Assemblyman David Gantt, D-Rochester, chairman of the Transportation Committee, clashed Tuesday with leaders of the Thruway Authority at a public hearing on proposed toll increases.
Gantt criticized the nonappearance of authority Chairman John Buono, and said he may compel his appearance at a future date by issuing a subpoena. Michael Fleischer, executive director of the authority, said Buono was out of state and the Assembly had only informed the Authority about the hearing last Thursday evening.
Buono wrote to Gantt on Monday saying he was unable to rearrange his schedule to attend the hearing. He is in Florida on personal business, according to an authority spokeswoman.
Gantt noted that he and Assembly Speaker Sheldon Silver, D-Manhattan, have called for the resignation of all authority board members so that Gov. Eliot Spitzer can appoint new ones. The current members were appointed by then-Gov. George Pataki, a Republican. Spitzer is a Democrat.
“I do not believe I should resign,” responded board member Kevin Plunkett, saying board members should exercise their judgment independent of politics.
Another board member, Frederick Howard, read a statement from Buono responding to audits of the authority completed recently by state Comptroller Thomas DiNapoli. The statement said key issues raised by the audits, including levels of federal aid and the authority’s responsibility for the state Canal Corp., are not within the board’s control. Buono’s statement also said the audits confirm that a toll increase is needed, but said “the toll adjustment, as currently proposed, may be modified” in light of the comptroller’s recommendations.
DiNapoli also testified, and said the authority needs to take various steps before resorting to toll increases, including collection of debts owed by E-Z Pass customers.
Gantt said he had not decided where the Canal Corp. belonged, and whether the authority should keep responsibility for it. Authority leaders, including Buono, have said they would like to see the Canal Corp. separated, and DiNapoli said the same thing, suggesting it might be taken over by the federal government or leased to a private company.
Several witnesses at the hearing, including representatives of Dairy Marketing Services and AAA, endorsed the idea of separating the Canal Corp., saying that Thruway drivers should not have to subsidize it.
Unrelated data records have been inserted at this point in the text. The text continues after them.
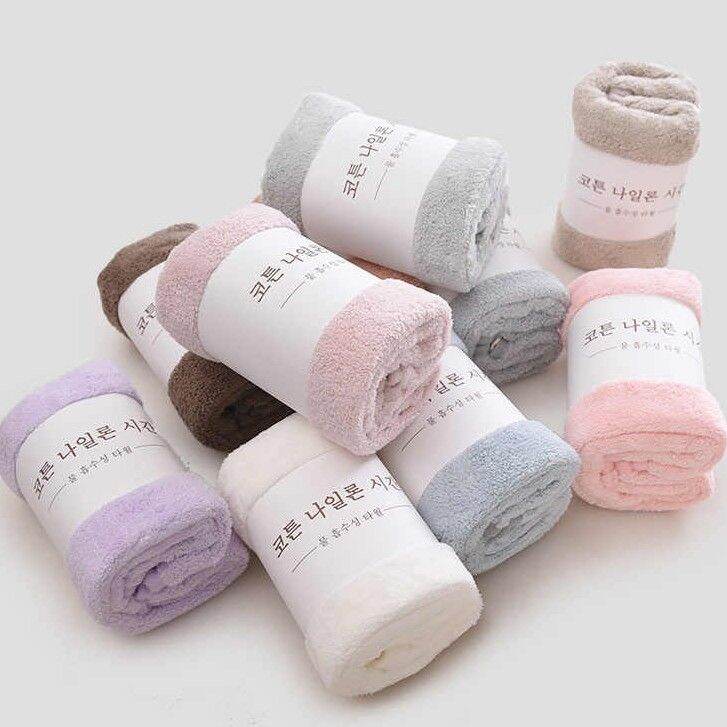 Combo 2 cái khăn mặt lông cừu xuất Hàn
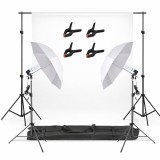 Cumpara ieftin Kit profesional iluminare studio cu fundal alb, sistem 2x150W 5500K, stative 200 cm, umbrele reflexie si accesorii complete pentru fotografie si video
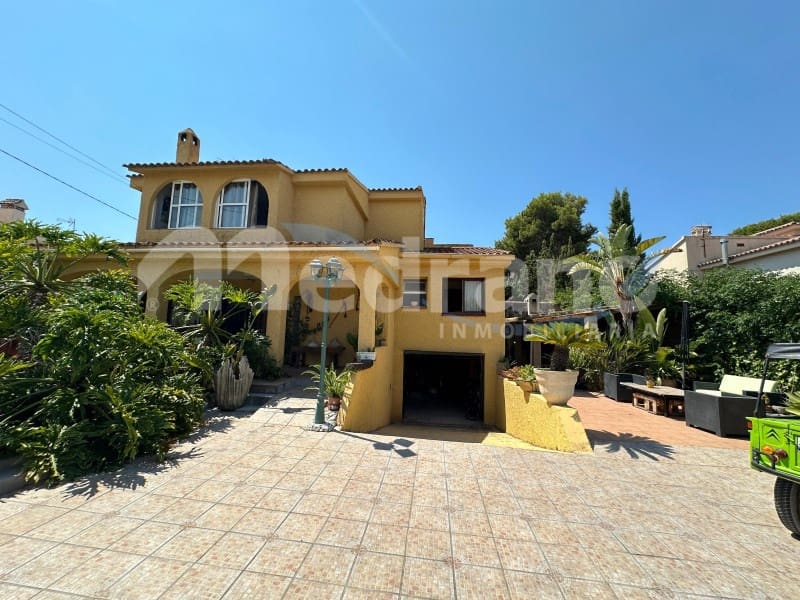 4 quarto Moradia para venda em Benidorm com piscina garagem - 710 000 € (Ref: 10131404)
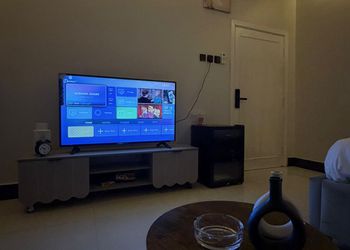 استديو بسرير ماستر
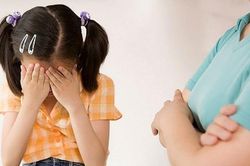 Vô cớ bị bà nội tát bôm bốp khi đang ngủ, con gái gọi điện cho mẹ cầu cứu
But Richard Powell, of Waterford-based Erie-Champlain Canal Boat Co., dissented. He said he was concerned that the canal system would be underfunded if it had to rely on the state’s general fund.
Assemblyman Jack McEneny, D-Albany, said the Canal Corp. would likely fit better into the state Office of Parks, Recreation and Historic Preservation than the Thruway Authority, which has controlled it since 1992.
Assemblyman Tim Gordon of Bethlehem, an Independence Party member who aligns himself with the Democrats, raised the issue of board member travel, citing the comptroller’s findings that a board member was reimbursed for air fare from Arizona to attend one board meeting, and to Florida after another one. That board member also was reimbursed for a plane trip when he actually took the train at lower cost, and was paid more than the maximum allowable amount for Albany hotel expenses, according to the one of the comptroller’s audits, which included a response from the authority.
Authority spokeswoman Kimberly Chupa said that member, John Reidman, served until December 2006 and is no longer on the board. After an internal review, he paid back some money and the authority tightened reimbursement procedures. The comptroller found “an additional $2,252 in excess hotel and air fare reimbursements paid to the board member” that should be recovered, but the authority disputed this finding.
Authority board members are not paid. Asked about this after the hearing, Gordon said they should not have the attitude of “get it where they can,” and should not be provided with “a free trip to a sunny destination.”
DiNapoli said the authority is underestimating potential federal aid, projecting less than it has received in the past. Fleischer said the past allocation was based on an agreement with the state Department of Transportation that expired in 2005, and that DOT has its own urgent infrastructure needs and may not be willing to renew the agreement on terms as generous to the authority.
Fleischer said the authority is taking steps to collect money owed by some E-Z Pass customers and is willing to prioritize capital projects, perhaps postponing nonessential ones involving trails and noise barriers.
He disputed DiNapoli’s claim that the authority resorts to toll increases as a first resort, saying it has cut 450 jobs in recent years and plans to cut 50 more.
The authority’s most recent toll hike, 10 percent for cash customers, went into effect this month, as the second and final phase of a 2005 toll increase. It has announced tentative plans for further increases starting this July, but a bipartisan chorus of state leaders has come out in opposition.
However, Steve Stallmer, executive director of Associated General Contractors of New York State, said the authority’s capital program is necessary to stop infrastructure from deteriorating, and that costs of construction materials such as concrete and asphalt have greatly increased in price.